Protestors gather for a March to Stop Trans Mountain Oil Pipeline at the Kwekwexnewtxw Watch House and the Kinder Morgan Tank Farm in Burnaby, British Columbia in August 2018. The pipeline has been heavily protested by First Nations groups and their allies. (Photo: Sally T. Buck, Flickr CC BY-NC-ND 2.0)
Canada’s Federal Appeals Court has blocked the controversial Trans Mountain Pipeline Expansion unless and until the Trudeau government properly consults with First Nations and studies impacts to southern resident killer whales, a process expected to push the project well past Canada’s elections in 2019. Rather than see the expansion project die for lack of private capital the Canadian government has purchased the Trans Mountain Pipeline for $4.5 billion. Host Steve Curwood spoke with reporter Laura Kane of The Canadian Press.

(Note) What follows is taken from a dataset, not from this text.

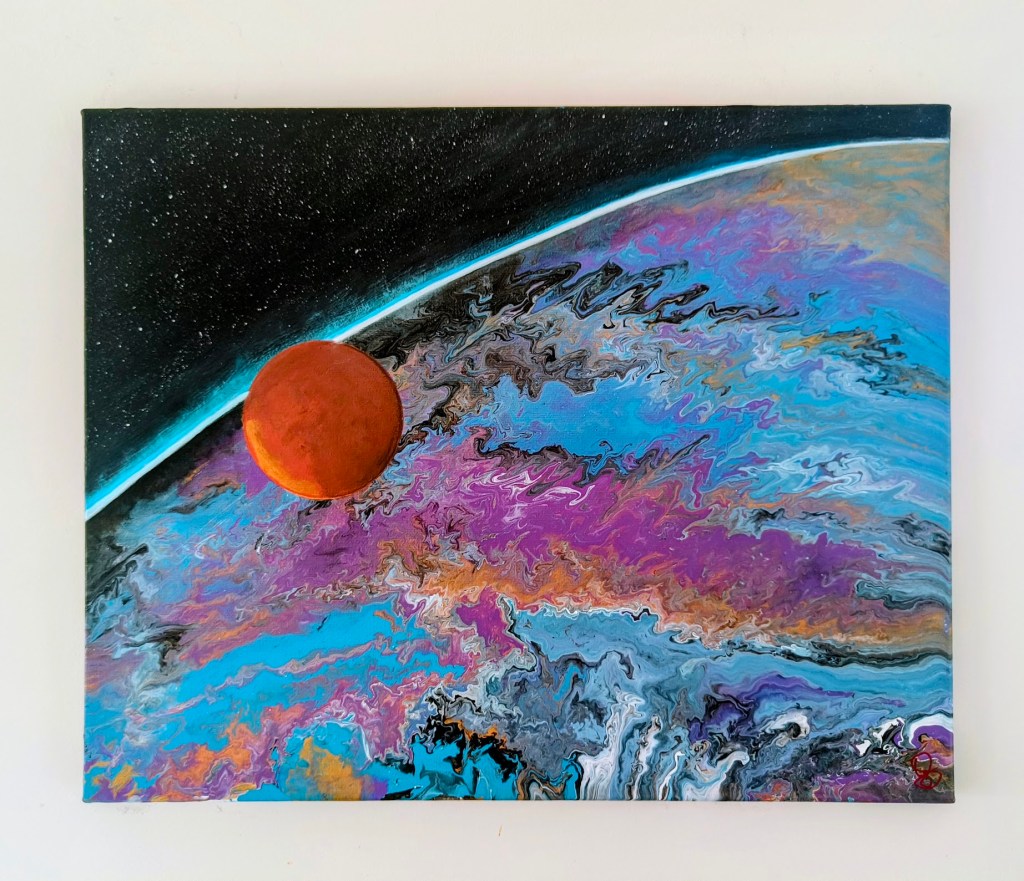 The Horizon of Aurex - James Gale - Acrylic Painting on canvas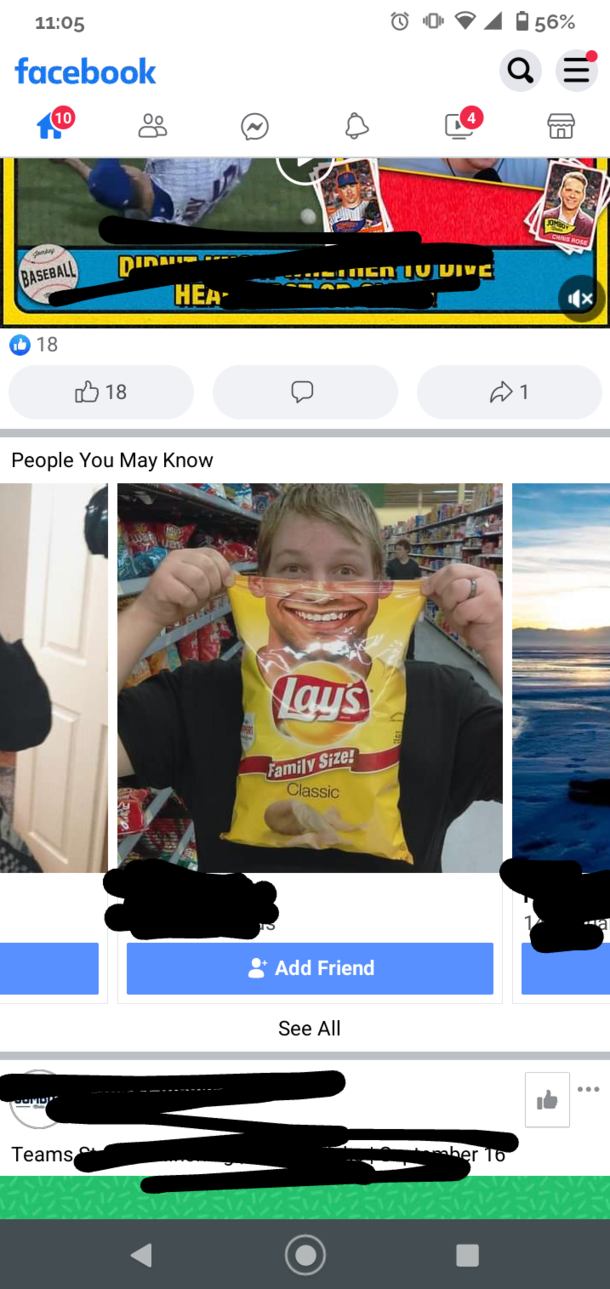 My cousins Facebook pic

CURWOOD: From PRI and the Jennifer and Ted Stanley Studios at the University of Massachusetts Boston, this is Living on Earth, I’m Steve Curwood.

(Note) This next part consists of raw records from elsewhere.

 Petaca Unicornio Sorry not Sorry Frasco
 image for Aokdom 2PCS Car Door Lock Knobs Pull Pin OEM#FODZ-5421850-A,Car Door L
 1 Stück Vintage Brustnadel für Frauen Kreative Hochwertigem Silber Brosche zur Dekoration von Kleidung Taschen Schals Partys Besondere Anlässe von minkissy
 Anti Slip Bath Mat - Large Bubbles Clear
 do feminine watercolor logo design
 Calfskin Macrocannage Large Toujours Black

For years activists have fought the Trans Mountain Pipeline Expansion Project in western Canada, a move that would triple the amount of carbon heavy oil sands crude it could carry. In recent months indigenous groups and their allies intensified their demonstrations, chanting, singing, and chaining themselves to a key entrance, as they faced arrest in droves. Pipeline owner Kinder Morgan finally yielded to the protests and moved to cancel the project. But then the Trudeau Administration stepped in to buy the pipeline for $4.5 billion Canadian dollars, vowing to move ahead with the expansion in the name of “the national interest” of creating jobs and boosting the economy. Now the Federal Court of Appeals has blocked construction, ruling that the Canadian government cut corners in its review of project plans. Reporter and editor Laura Kane writes about the pipeline for The Canadian Press. Welcome to Living on Earth!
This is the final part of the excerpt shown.